My first bride and I rounded the corner of the apartment building where our grandchildren live; our granddaughter and her friends were behind that building, gathered at the edge of a wood, watching a small green and yellow snake make its way through the underbrush. Cathy headed into the apartment but I stopped to watch the behavior of a man across the street. The man seemed to be trying to get into the back door of the main office building for the apartment complex, but his efforts were disjointed, and his gait was unsteady. He made an exaggerated effort to walk up two low steps; I watched him as he failed, fell back against the driver’s door of a black car parked close to the curb. He pounded on the car, said something that I could not hear, pushed off the car and stumbled back up the steps toward the locked door.
Inside our grandbeauties’ apartment, I assumed a watch-post on the balcony, the place where I customarily oversaw the play of the children outside. My granddaughter was still behind the building with her friends, so I focused my attention on the strange behavior of the man across the street. As I watched his seemingly single-minded attempt to open a locked door, an SUV rounded the corner and slowed near the back of the office. The driver looked at the man, then continued to a nearby parking spot. After parking, the woman got out of the car and walked toward the man. Before she was able to cover the short distance to him, the man fell onto the grass at the side of the building. Just as the woman reached the fallen man, she was joined by a young man who had raced from another building.
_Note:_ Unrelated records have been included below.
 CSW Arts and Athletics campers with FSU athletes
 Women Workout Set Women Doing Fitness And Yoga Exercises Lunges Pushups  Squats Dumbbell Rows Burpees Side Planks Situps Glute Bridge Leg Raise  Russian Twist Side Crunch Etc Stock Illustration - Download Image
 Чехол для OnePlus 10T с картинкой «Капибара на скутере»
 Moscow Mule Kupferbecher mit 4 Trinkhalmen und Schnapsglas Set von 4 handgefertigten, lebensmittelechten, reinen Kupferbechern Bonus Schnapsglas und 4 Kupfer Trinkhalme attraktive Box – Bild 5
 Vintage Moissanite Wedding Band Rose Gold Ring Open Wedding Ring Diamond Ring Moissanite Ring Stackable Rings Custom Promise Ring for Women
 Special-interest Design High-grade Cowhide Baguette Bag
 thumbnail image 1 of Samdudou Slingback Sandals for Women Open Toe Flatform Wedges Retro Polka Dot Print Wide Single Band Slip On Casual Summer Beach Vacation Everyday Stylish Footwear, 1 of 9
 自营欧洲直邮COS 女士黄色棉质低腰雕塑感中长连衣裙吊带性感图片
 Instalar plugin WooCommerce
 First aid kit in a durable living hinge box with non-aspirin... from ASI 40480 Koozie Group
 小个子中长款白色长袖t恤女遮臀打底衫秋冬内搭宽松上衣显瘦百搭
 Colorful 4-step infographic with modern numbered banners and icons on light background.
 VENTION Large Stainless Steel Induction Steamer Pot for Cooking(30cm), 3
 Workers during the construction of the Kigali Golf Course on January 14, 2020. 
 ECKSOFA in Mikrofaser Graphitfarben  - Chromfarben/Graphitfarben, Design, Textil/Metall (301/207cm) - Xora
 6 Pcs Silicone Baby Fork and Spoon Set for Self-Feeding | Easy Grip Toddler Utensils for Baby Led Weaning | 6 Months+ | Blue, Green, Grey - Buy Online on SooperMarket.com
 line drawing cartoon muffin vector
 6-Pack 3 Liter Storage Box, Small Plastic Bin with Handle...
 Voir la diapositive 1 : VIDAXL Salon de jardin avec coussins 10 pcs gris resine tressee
After a short conference, the two were able to right the fallen man, and once he was seated on the steps, the woman came back to her car and pulled out her cellphone. I told Cathy to watch over our granddaughter out back, and went downstairs to speak to the woman who had interacted with the man.
“I asked him if I should call an ambulance,” she told me. The man refused that suggestion, but she told me that she knew the man, and that he worked for the apartment complex. “I’m so nervous,” she said, but I told her that she had done a kind and generous thing, helping the man. A police car swung around the corner and pulled up to the building, followed by a fire truck; an EMS ambulance soon joined the emergency grouping, and I watched as the man was loaded into the ambulance and driven away. “They said he’s a diabetic,” the Good Samaritan told me. “I didn’t have any orange juice to give him,” she said. I told her that she had done the kind and generous thing, and I was happy to have seen her do so.
Late last year, a friend and I saw a man staggering down the middle of a street, and we pulled over to help him. After getting him onto a bench on the side of the road, we learned that he was a diabetic whose blood sugar was “out of balance.” Perhaps a recent visit to my friend’s infirm parents had us overflowing with good will when we saw the man, because we did not hesitate to help him, but when I saw the staggering man in my grandchildren’s complex, I said to my first bride, with a surfeit of good will, “That’s alcoholic behavior.” She replied, “No: That’s drug behavior.”